Supplied material -
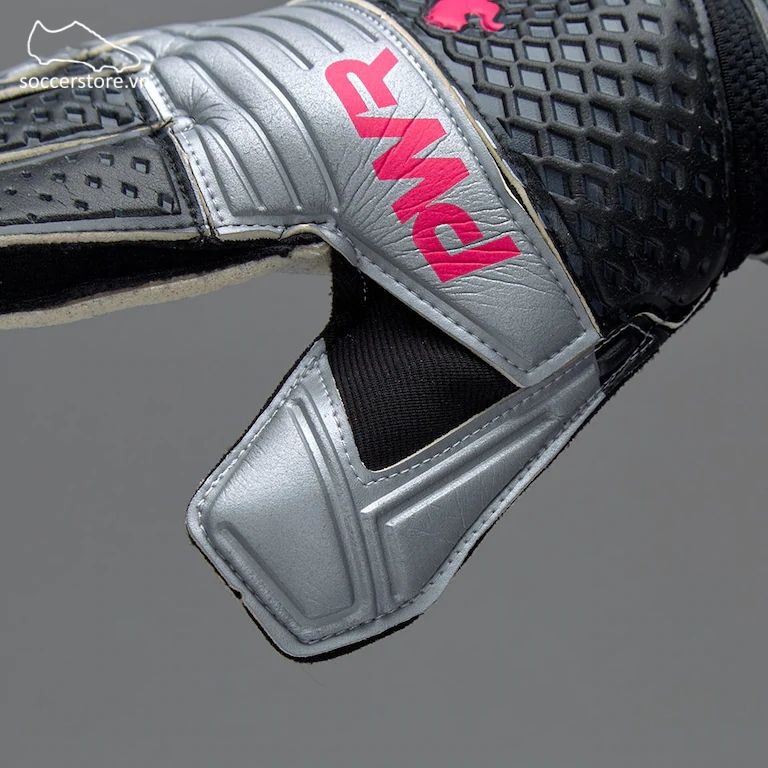 Puma evoPOWER Vigor Grip 2.3 RC - Puma Black/ Silver/ Plasma Pink GK Gloves 041449-01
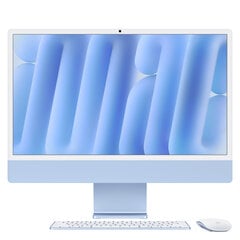 iMac 24” 4.5K Retina, Apple M4 10C CPU, 10C GPU/16GB/512GB SSD/Blue/SWE MWV33KS/A цена и информация | Стационарные компьютеры | pigu.lt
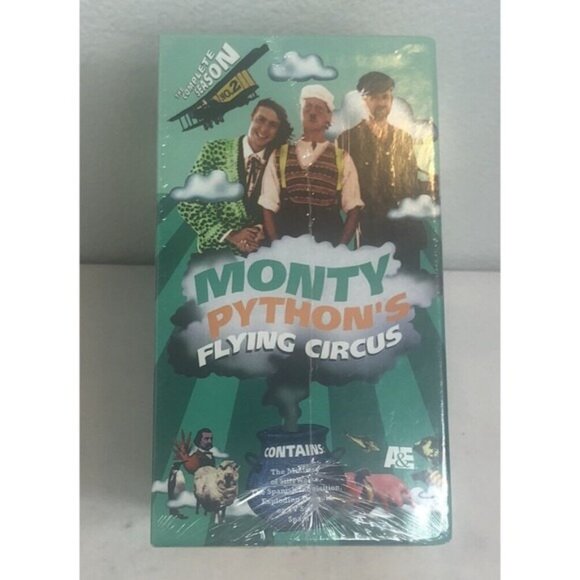 VHS Monty Pythons Flying Circus A&E Season No 2 Boxed Set New Sealed - Picture 3 of 6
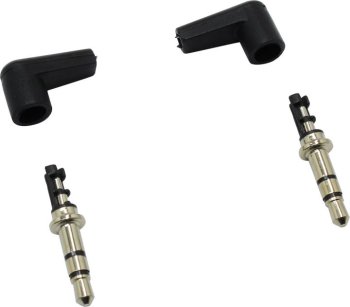 Разъем (2 ШТ) Штекер Г-образный Аудио Мини-Джек 3,5 мм Стерео под пайку 3-контактный Mini-Jack 3,5mm 3-pin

What this task involves - Without copying any picture, repeat the full listing above word for word.

Response to this exercise -
 Puma evoPOWER Vigor Grip 2.3 RC - Puma Black/ Silver/ Plasma Pink GK Gloves 041449-01
 iMac 24” 4.5K Retina, Apple M4 10C CPU, 10C GPU/16GB/512GB SSD/Blue/SWE MWV33KS/A цена и информация | Стационарные компьютеры | pigu.lt
 VHS Monty Pythons Flying Circus A&E Season No 2 Boxed Set New Sealed - Picture 3 of 6
 Разъем (2 ШТ) Штекер Г-образный Аудио Мини-Джек 3,5 мм Стерео под пайку 3-контактный Mini-Jack 3,5mm 3-pin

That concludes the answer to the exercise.